[Exercise input]:
◇ ◇ ◇ ◇

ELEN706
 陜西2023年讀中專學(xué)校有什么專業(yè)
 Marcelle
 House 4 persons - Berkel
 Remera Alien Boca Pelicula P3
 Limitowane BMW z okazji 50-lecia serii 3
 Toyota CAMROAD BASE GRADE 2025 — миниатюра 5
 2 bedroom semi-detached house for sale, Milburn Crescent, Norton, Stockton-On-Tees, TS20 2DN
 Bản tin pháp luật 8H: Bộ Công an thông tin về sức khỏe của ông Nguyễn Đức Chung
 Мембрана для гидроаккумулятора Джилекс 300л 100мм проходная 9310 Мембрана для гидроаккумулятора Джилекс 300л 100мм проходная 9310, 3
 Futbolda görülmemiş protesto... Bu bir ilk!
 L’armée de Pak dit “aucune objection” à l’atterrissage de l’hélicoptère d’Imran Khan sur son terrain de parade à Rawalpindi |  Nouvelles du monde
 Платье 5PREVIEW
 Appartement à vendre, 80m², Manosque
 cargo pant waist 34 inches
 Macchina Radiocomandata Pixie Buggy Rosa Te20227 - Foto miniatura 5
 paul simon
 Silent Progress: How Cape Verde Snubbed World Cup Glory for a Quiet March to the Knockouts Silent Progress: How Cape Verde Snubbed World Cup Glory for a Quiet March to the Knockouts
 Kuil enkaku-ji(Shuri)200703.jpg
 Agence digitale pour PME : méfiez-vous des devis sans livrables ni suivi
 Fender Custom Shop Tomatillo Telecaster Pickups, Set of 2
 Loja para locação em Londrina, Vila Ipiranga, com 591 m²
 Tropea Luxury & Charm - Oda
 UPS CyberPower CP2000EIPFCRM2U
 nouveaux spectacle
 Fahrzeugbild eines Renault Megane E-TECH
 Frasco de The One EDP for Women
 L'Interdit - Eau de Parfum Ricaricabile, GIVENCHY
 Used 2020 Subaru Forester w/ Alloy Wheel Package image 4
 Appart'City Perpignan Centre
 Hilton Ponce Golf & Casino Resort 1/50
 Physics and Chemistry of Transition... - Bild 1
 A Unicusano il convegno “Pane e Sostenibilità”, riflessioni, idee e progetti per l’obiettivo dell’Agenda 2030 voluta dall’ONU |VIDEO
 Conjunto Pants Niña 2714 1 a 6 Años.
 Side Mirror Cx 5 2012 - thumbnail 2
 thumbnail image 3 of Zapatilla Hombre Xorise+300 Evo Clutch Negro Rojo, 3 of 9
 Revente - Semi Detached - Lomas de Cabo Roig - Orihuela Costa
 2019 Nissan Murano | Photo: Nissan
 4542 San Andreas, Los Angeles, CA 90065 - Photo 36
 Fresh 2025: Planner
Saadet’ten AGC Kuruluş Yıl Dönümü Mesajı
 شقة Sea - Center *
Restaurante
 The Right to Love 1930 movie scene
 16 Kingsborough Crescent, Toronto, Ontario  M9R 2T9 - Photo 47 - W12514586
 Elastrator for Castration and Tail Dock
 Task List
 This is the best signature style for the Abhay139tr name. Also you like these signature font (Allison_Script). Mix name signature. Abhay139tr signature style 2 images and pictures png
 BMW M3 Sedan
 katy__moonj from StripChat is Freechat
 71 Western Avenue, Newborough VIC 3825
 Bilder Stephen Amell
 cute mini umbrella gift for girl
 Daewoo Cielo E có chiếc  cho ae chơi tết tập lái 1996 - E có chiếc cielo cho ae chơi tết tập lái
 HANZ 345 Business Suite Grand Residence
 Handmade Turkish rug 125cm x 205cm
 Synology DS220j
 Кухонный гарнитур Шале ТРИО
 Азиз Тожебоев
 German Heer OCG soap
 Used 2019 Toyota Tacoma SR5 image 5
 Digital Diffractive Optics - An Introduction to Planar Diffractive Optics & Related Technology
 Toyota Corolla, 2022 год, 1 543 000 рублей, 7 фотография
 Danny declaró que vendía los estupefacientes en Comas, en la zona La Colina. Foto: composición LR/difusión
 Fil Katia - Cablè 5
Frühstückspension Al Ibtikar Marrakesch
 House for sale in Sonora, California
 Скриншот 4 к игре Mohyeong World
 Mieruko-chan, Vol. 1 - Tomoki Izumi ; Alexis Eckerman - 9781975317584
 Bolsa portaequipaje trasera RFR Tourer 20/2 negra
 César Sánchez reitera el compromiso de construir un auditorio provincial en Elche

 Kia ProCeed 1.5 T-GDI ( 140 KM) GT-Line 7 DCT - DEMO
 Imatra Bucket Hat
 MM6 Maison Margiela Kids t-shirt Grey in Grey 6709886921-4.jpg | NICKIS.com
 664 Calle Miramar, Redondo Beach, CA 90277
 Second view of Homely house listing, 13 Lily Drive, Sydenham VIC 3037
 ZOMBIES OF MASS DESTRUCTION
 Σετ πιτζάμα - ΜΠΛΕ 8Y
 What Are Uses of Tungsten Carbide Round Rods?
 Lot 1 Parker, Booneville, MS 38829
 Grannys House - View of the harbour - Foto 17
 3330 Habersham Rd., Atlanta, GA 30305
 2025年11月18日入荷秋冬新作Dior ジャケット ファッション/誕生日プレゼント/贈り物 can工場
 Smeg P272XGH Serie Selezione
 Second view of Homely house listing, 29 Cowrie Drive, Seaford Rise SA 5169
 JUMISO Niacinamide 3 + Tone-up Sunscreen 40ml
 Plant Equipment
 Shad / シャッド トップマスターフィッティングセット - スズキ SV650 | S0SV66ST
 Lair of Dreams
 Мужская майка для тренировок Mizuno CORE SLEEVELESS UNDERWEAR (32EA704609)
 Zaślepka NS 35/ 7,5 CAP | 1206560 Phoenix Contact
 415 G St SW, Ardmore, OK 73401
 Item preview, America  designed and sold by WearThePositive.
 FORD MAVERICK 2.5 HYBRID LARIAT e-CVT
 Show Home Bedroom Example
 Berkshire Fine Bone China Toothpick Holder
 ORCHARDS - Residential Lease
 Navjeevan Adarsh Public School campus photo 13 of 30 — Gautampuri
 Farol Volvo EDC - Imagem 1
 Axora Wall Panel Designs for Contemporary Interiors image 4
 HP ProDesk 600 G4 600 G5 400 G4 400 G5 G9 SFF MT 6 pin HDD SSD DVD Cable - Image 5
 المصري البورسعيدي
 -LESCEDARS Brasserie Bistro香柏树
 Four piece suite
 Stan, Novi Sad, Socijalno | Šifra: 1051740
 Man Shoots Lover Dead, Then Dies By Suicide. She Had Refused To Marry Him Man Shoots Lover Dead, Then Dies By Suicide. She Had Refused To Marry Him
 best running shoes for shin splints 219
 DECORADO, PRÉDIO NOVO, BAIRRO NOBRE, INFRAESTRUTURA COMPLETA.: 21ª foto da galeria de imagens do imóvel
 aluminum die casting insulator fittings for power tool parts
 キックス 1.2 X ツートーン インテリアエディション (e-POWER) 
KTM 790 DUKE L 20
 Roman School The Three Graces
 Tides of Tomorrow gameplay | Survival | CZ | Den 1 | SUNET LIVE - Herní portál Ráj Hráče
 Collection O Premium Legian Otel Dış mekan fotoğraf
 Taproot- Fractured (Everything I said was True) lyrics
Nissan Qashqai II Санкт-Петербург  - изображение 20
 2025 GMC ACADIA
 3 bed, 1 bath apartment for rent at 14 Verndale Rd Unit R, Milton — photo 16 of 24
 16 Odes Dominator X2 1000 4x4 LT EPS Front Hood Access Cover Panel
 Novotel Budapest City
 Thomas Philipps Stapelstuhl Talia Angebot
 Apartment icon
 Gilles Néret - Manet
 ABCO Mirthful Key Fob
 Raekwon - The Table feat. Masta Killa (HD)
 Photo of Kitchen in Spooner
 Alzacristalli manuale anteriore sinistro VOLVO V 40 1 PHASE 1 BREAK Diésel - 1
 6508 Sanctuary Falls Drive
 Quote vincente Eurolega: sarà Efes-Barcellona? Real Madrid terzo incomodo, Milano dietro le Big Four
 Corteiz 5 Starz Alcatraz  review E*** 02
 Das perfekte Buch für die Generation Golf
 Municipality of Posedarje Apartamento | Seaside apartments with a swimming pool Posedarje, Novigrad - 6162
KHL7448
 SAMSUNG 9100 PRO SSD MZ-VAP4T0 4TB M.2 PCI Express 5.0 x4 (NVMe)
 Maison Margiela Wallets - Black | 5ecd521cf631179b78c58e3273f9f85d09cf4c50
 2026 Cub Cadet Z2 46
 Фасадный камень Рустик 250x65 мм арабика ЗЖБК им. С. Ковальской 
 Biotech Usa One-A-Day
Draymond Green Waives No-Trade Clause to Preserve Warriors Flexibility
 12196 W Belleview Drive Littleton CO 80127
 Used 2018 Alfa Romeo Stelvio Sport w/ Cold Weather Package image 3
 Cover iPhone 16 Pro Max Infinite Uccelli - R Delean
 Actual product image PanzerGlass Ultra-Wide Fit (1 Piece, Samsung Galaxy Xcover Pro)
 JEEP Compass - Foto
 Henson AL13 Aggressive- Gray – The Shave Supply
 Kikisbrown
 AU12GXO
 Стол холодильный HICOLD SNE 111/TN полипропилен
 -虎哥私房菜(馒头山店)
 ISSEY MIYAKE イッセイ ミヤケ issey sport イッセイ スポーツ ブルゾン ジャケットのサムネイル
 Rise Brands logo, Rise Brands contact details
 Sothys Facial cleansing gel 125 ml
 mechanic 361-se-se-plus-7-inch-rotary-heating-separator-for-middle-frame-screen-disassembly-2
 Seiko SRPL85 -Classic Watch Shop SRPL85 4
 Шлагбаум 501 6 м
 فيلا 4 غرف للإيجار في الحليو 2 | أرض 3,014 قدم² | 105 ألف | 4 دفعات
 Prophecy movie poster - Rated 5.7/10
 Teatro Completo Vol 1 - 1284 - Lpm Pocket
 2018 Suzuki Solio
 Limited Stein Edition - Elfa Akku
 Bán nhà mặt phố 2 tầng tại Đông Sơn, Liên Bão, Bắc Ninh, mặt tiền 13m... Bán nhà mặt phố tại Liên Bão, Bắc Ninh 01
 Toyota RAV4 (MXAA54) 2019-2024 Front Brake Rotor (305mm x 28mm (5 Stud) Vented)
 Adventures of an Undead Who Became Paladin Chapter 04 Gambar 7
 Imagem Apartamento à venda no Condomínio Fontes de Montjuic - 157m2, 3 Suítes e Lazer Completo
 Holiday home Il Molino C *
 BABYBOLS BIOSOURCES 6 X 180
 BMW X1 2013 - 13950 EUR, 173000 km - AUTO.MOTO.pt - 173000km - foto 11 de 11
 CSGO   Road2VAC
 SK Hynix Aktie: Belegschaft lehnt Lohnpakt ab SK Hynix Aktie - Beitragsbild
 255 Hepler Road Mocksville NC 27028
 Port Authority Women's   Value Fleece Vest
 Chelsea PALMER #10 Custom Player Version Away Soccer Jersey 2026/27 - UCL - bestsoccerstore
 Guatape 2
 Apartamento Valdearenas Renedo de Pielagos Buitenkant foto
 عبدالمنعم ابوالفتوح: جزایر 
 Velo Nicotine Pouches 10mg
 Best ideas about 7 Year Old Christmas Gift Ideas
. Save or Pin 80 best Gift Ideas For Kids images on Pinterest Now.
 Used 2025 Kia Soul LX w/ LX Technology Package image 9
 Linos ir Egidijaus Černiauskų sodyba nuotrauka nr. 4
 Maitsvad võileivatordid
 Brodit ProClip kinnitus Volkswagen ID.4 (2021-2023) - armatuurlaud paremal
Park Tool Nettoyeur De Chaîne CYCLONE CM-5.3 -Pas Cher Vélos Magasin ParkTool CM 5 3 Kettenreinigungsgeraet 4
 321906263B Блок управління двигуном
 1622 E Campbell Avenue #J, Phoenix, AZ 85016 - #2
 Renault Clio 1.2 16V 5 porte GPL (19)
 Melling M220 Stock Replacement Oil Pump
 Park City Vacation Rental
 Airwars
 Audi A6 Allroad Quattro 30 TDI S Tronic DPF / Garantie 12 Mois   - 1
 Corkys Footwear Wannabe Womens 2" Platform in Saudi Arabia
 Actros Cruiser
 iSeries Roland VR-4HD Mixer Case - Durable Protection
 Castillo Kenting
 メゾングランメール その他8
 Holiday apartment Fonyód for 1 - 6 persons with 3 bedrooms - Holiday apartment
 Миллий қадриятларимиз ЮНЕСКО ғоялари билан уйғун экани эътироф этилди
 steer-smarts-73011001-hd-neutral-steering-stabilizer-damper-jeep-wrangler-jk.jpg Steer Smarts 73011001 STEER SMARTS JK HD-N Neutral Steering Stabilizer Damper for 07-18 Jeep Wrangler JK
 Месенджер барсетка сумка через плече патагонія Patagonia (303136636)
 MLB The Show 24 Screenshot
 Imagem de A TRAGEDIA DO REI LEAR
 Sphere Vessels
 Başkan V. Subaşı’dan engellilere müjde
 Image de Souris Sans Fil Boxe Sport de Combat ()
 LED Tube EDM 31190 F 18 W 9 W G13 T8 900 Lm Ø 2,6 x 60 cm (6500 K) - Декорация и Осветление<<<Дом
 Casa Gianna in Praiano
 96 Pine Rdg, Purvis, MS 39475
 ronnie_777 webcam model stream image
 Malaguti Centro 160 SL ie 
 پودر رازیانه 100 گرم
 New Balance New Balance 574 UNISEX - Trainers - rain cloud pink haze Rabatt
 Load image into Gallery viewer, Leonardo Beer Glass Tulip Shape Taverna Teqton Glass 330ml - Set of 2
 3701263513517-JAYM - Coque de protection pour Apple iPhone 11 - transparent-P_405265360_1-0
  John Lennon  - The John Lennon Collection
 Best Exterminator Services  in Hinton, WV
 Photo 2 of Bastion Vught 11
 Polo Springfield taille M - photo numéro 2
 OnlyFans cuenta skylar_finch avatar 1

◇ ◇ ◇ ◇

[What to produce]: Taking the entries above, print exactly the lines starting at the line with "3330 Habersham Rd., Atlanta, GA 30305" and ending at the line with "Novotel Budapest City", both included.

[Response]:
 3330 Habersham Rd., Atlanta, GA 30305
 2025年11月18日入荷秋冬新作Dior ジャケット ファッション/誕生日プレゼント/贈り物 can工場
 Smeg P272XGH Serie Selezione
 Second view of Homely house listing, 29 Cowrie Drive, Seaford Rise SA 5169
 JUMISO Niacinamide 3 + Tone-up Sunscreen 40ml
 Plant Equipment
 Shad / シャッド トップマスターフィッティングセット - スズキ SV650 | S0SV66ST
 Lair of Dreams
 Мужская майка для тренировок Mizuno CORE SLEEVELESS UNDERWEAR (32EA704609)
 Zaślepka NS 35/ 7,5 CAP | 1206560 Phoenix Contact
 415 G St SW, Ardmore, OK 73401
 Item preview, America  designed and sold by WearThePositive.
 FORD MAVERICK 2.5 HYBRID LARIAT e-CVT
 Show Home Bedroom Example
 Berkshire Fine Bone China Toothpick Holder
 ORCHARDS - Residential Lease
 Navjeevan Adarsh Public School campus photo 13 of 30 — Gautampuri
 Farol Volvo EDC - Imagem 1
 Axora Wall Panel Designs for Contemporary Interiors image 4
 HP ProDesk 600 G4 600 G5 400 G4 400 G5 G9 SFF MT 6 pin HDD SSD DVD Cable - Image 5
 المصري البورسعيدي
 -LESCEDARS Brasserie Bistro香柏树
 Four piece suite
 Stan, Novi Sad, Socijalno | Šifra: 1051740
 Man Shoots Lover Dead, Then Dies By Suicide. She Had Refused To Marry Him Man Shoots Lover Dead, Then Dies By Suicide. She Had Refused To Marry Him
 best running shoes for shin splints 219
 DECORADO, PRÉDIO NOVO, BAIRRO NOBRE, INFRAESTRUTURA COMPLETA.: 21ª foto da galeria de imagens do imóvel
 aluminum die casting insulator fittings for power tool parts
 キックス 1.2 X ツートーン インテリアエディション (e-POWER) 
KTM 790 DUKE L 20
 Roman School The Three Graces
 Tides of Tomorrow gameplay | Survival | CZ | Den 1 | SUNET LIVE - Herní portál Ráj Hráče
 Collection O Premium Legian Otel Dış mekan fotoğraf
 Taproot- Fractured (Everything I said was True) lyrics
Nissan Qashqai II Санкт-Петербург  - изображение 20
 2025 GMC ACADIA
 3 bed, 1 bath apartment for rent at 14 Verndale Rd Unit R, Milton — photo 16 of 24
 16 Odes Dominator X2 1000 4x4 LT EPS Front Hood Access Cover Panel
 Novotel Budapest City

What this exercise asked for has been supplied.